= Doris Fuchs (scientist) =

German political scientist (born 1966)

Doris Fuchs (born 1966) is a German Political Scientist and Professor of International Relations and Sustainable Development at the University of Münster. She currently serves as Co-Director of the Research Institute for Sustainability (RIFS) in Potsdam, previously known as the Institute for Advanced Sustainability Studies.
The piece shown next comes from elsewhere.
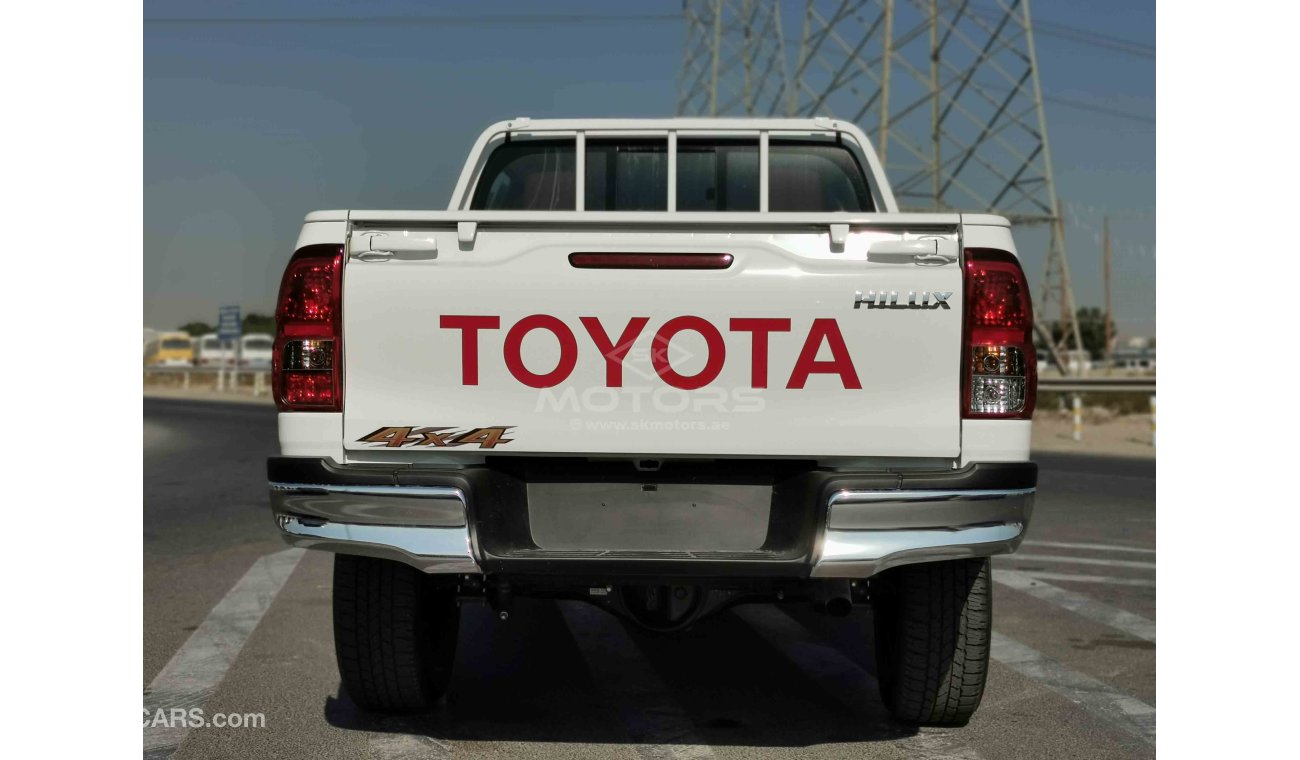 Toyota Hilux 2.4L DIESEL, 17" TYRE, 4WD, TRACTION CONTROL, XENON HEADLIGHTS (CODE # THMO01)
Fuchs received her Ph.D. in Political Science & Economics at Claremont Graduate University in California and completed her Habilitation at LMU Munich. She was a lecturer and researcher at the University of Michigan, Louisiana State University, LMU Munich, the HHL Leipzig Graduate School of Management as well as the University of Stuttgart. Since October 2023, Fuchs has held the position of Co-Director at the Research Institute for Sustainability (RIFS) in Potsdam, which is affiliated with the GFZ Helmholtz Centre for Geosciences.

== Research interests==
Fuchs’ main research interests lie in the areas of sustainable development and international political economy. She specializes in conceptual topics such as power (especially structural and discursive power), sustainable consumption and financialization. Empirically, she focuses on environmental, energy, and agrifood policy, in particular. One of her central research interests is the political influence of non-state, especially economic, actors on ecological and social sustainability, in multi-level governance.
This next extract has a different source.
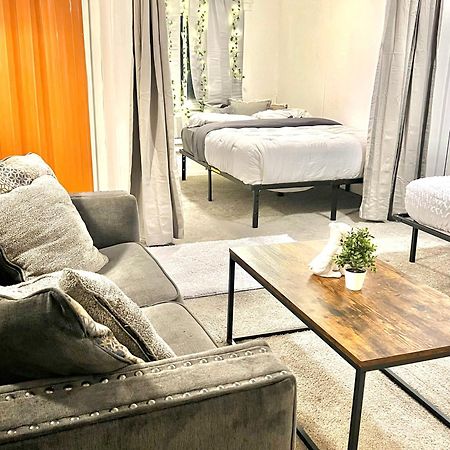 Two Bedroom Villa Studio With Fireplace & Living Room Detroit Kültér fotó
== Selected publications ==
- Fuchs, Doris, Richard Meyer-Eppler, and Ulrich Hamenstädt. 2013. "Food for Thought: The Politics of Financialization in the Global Agrifood System”. Competition & Change 17(3): 219-233.
- Fuchs, Doris, Agni Kalfagianni, Jennifer Clapp, and Lawrence Busch. 2011. "Private Agrifood Governance. Values, Shortcoming and Strategies“. Agriculture and Human Values 28 (3): 335-344.
- Clapp, Jennifer, and Doris Fuchs (Eds.). 2009. Corporate Power in Global Agrifood Governance. Challenges and Strategies. Boston: MIT Press.
- Fuchs, Doris. 2007. Business Power in Global Governance. Boulder: Lynne Rienner Publishers.
- Fuchs, Doris, and Sylvia Lorek. 2005. "Sustainable Consumption Governance. A History of Promises and Failures“. Journal of Consumer Policy 28 (3): 261–288. Reprinted in Dauvergne, Peter (Ed.). 2013. Environmental Politics. Houndmills: Edward Elgar, 652-679.